# [Work to complete]
Leaving out every picture, copy the lines of the data exactly, from the first through the line containing "Hand Towel - Black".

# [Records for the task]
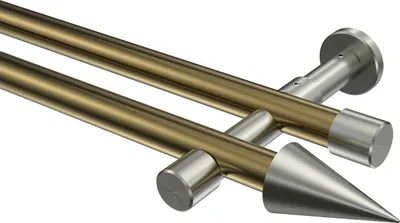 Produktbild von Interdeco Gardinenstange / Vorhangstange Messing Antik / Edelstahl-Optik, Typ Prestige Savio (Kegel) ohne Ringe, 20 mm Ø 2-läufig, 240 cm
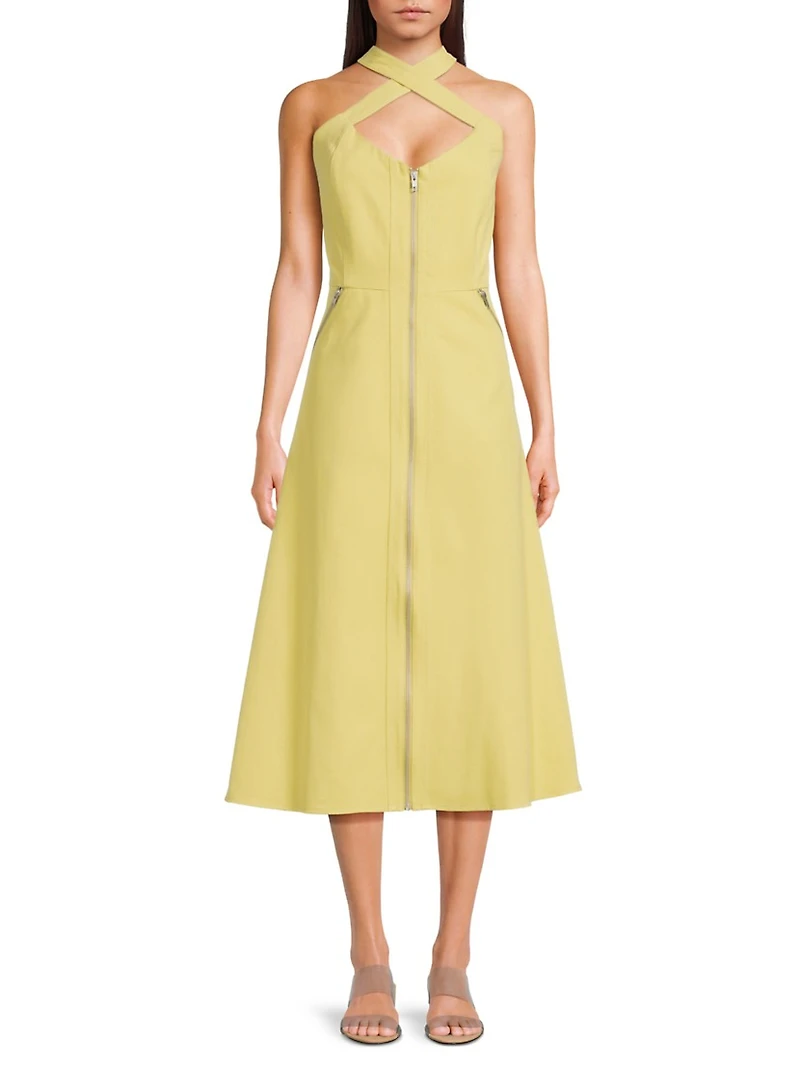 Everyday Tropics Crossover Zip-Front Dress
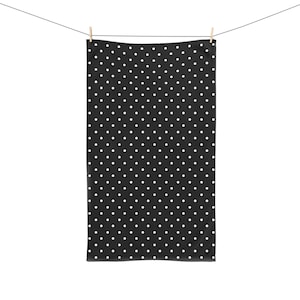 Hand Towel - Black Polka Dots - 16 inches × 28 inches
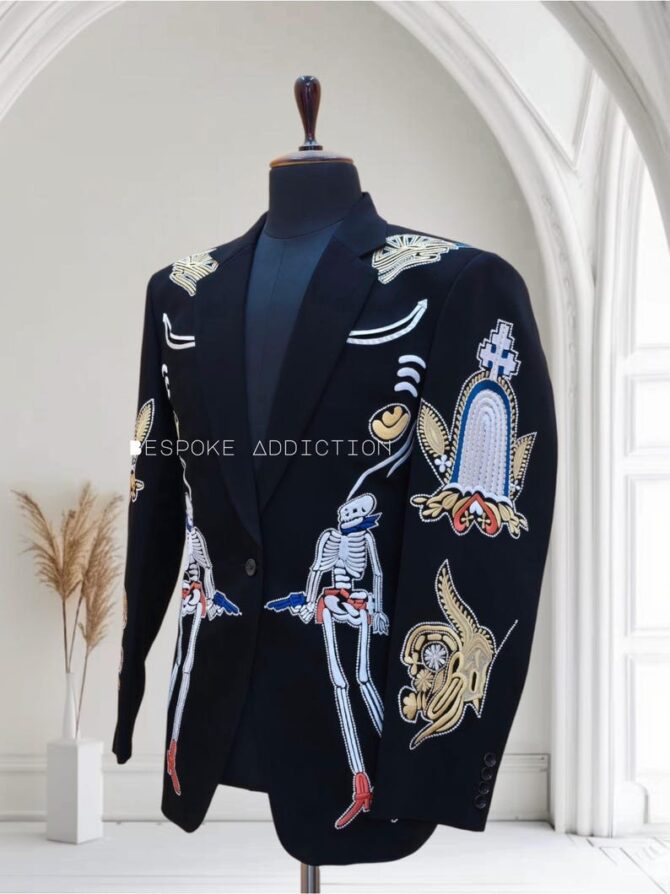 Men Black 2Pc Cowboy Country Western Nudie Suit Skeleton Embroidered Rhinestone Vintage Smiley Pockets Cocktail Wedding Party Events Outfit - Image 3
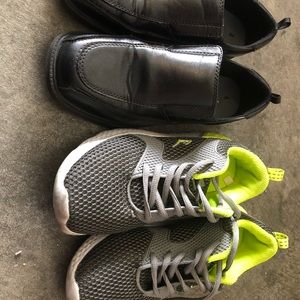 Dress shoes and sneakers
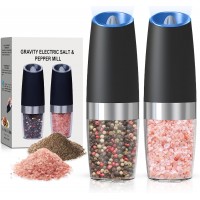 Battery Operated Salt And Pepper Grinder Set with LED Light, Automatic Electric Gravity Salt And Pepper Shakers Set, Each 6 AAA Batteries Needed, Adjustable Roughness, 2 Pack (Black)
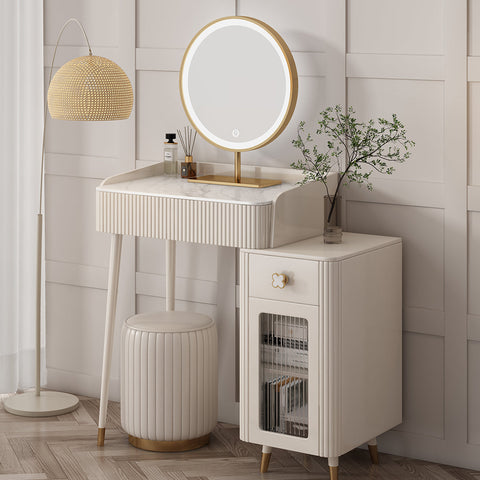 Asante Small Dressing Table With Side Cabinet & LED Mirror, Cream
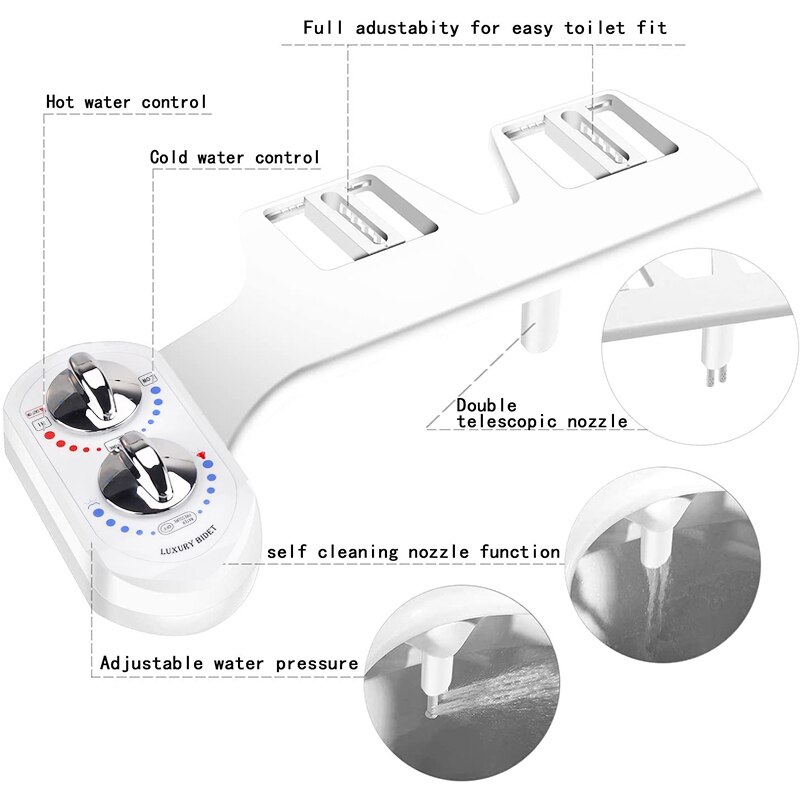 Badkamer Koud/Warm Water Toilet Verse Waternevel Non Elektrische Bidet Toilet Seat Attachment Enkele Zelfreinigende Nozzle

# [Exercise solution]
 Produktbild von Interdeco Gardinenstange / Vorhangstange Messing Antik / Edelstahl-Optik, Typ Prestige Savio (Kegel) ohne Ringe, 20 mm Ø 2-läufig, 240 cm
 Everyday Tropics Crossover Zip-Front Dress
 Hand Towel - Black Polka Dots - 16 inches × 28 inches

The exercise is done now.